» The problem: Transcribe the listing verbatim. Do not carry over any pictures.

» Extracted data:
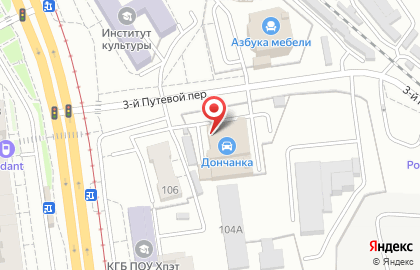 Автосервис Дончанка на Краснореченской улице на карте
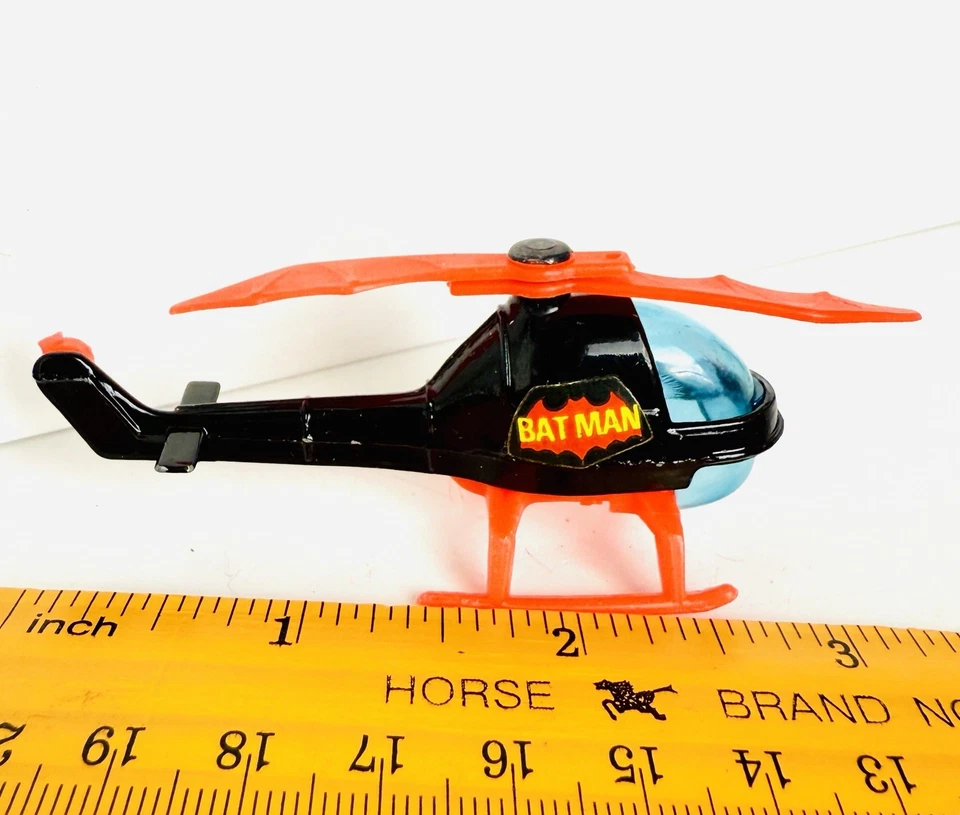 70s Corgi Juniors Batcopter 1976 Batman Die Cast Helicopter Made in Gt. Britain - Image 2 of 4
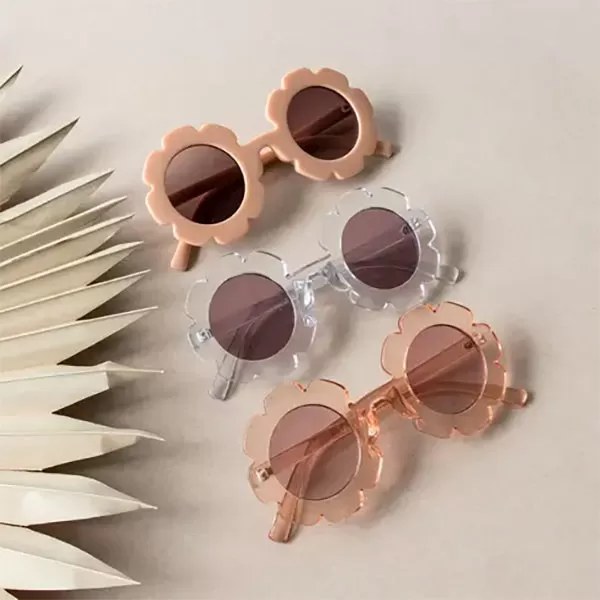 Toddler & Kid Daisy Sunglasses - Peach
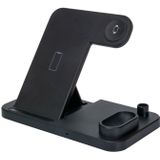 B30 QI verticale draadloze oplader voor mobiele telefoons & Apple horloges & AirPods & Apple pencil  met verstelbare telefoon standaard (zwart)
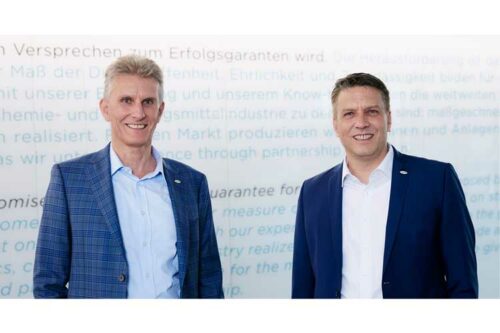 Ulrich Bartel, newly appointed President of Coperion, and Markus Parzer, President of Coperion’s Polymer Division.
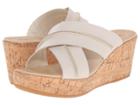 Hush Puppies Belinda Durante (off-white Leather) Women's Wedge Shoes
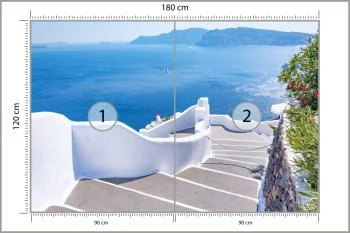 Fototapeta Greckie Schody Na Plażę - obrazek 3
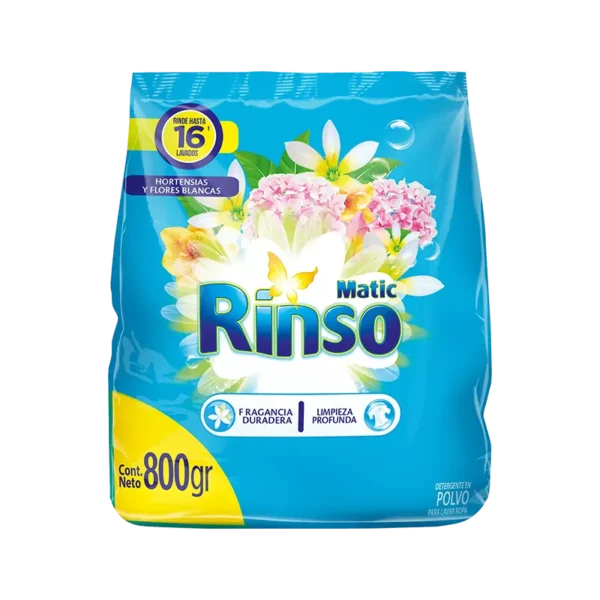 DETERGENTE POLVO RINSO HORT/FLORES 800G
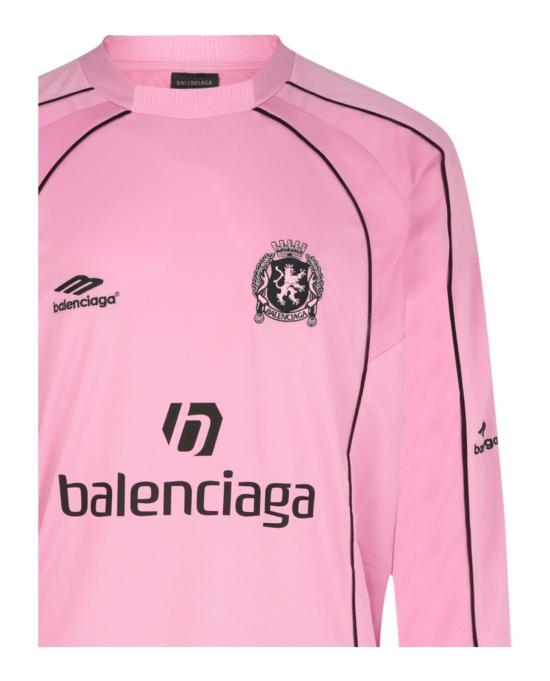  발렌시아가 긴팔 티셔츠 778972 TPVT3 1401 60082 1 Pink - BALENCIAGA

» Answer space:
 Автосервис Дончанка на Краснореченской улице на карте
 70s Corgi Juniors Batcopter 1976 Batman Die Cast Helicopter Made in Gt. Britain - Image 2 of 4
 Toddler & Kid Daisy Sunglasses - Peach
 B30 QI verticale draadloze oplader voor mobiele telefoons & Apple horloges & AirPods & Apple pencil  met verstelbare telefoon standaard (zwart)
 Ulrich Bartel, newly appointed President of Coperion, and Markus Parzer, President of Coperion’s Polymer Division.
 Hush Puppies Belinda Durante (off-white Leather) Women's Wedge Shoes
 Fototapeta Greckie Schody Na Plażę - obrazek 3
 DETERGENTE POLVO RINSO HORT/FLORES 800G
  발렌시아가 긴팔 티셔츠 778972 TPVT3 1401 60082 1 Pink - BALENCIAGA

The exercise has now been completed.